Hot Beef Po’ Boys
16 ounce load baguette bread, halved lengthwise
Nonstick cooking spray
6 ounces thinly sliced onion
8 ounces sliced mushrooms
1 tsp garlic, minced
1 tsp dried oregano
1 cup water
1/2 tsp Worcestershire sauce
8 ounces sliced roast beef
1 Tbl prepared mustard
1 cup grated Mozzarella cheese
1. Preheat oven to 350. Hollow out loaf using a fork. Cut loaf into 6 equal pieces. Place loaf shells on baking sheet; set aside.
2. Heat a 12″ nonstick skillet over medium-high heat; coat with cooking spray. Add onion; cook 5 minutes or until browned, stirring often. Remove from pan.
3. Coat skillet with cooking spray. Add mushrooms, garlic and oregano; cook 4 minutes or until mushrooms brown, stirring frequently.
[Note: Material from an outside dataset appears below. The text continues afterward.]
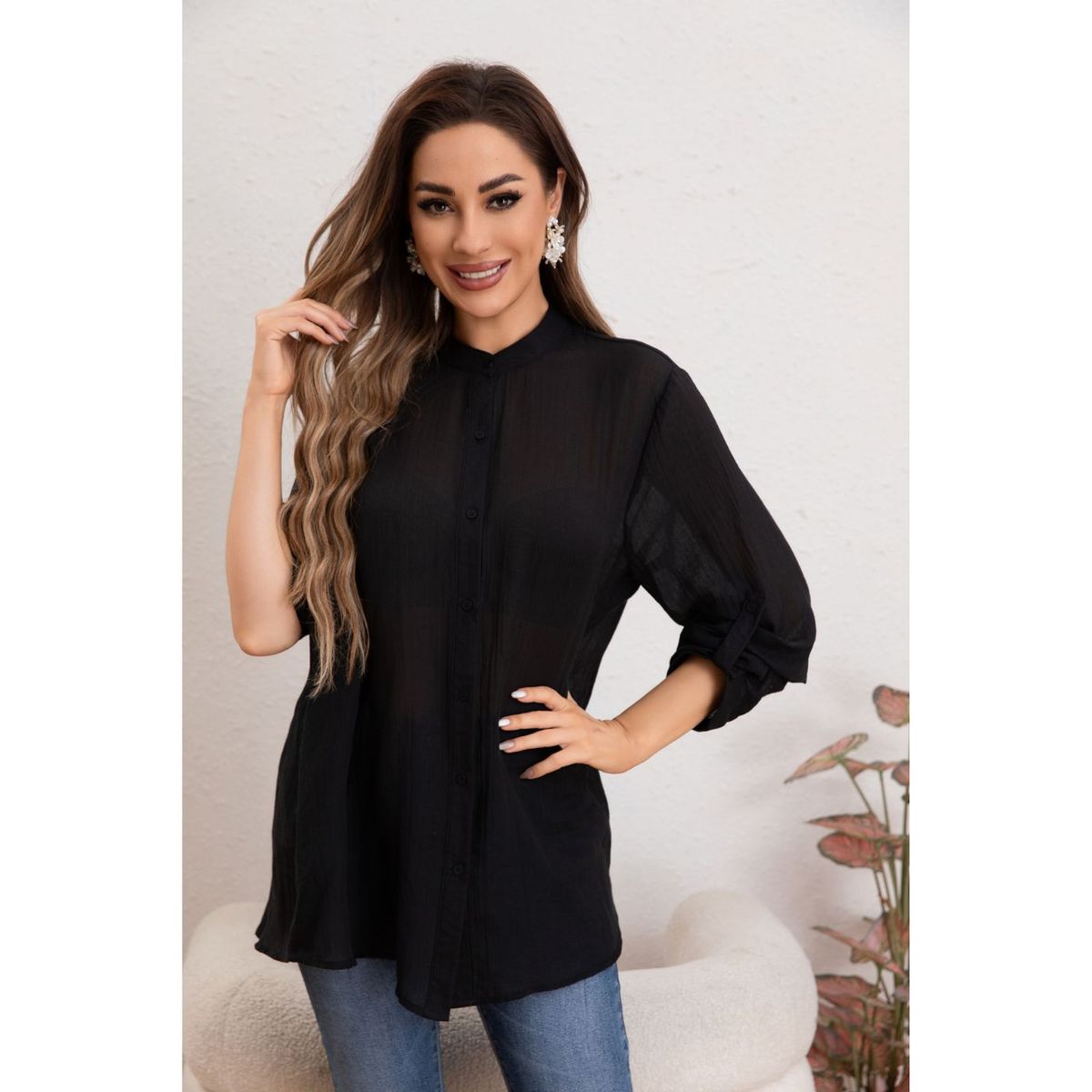 LIKE SHOP - Blusa Mujer Lino Algodón Premium Liviana manga Larga Cuello Mao 8055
4. Return onions to skillet with water and Worcestershire. Bring to boil over medium-high heat. Cook 5 minutes or until liquid evaporates. Remove from heat; keep warm.
5. Bake loaf shells for 3 minutes; remove from oven. Top bottoms with equal portions beef. Spread 1/2 teaspoon mustard on each and sprinkle evenly with cheese. Bake tops and bottoms another 3 minutes or until beef is warm.
6. Spoon 1/4 cup mushroom mixture over beef. Top with remaining loaf shells, pressing down gently.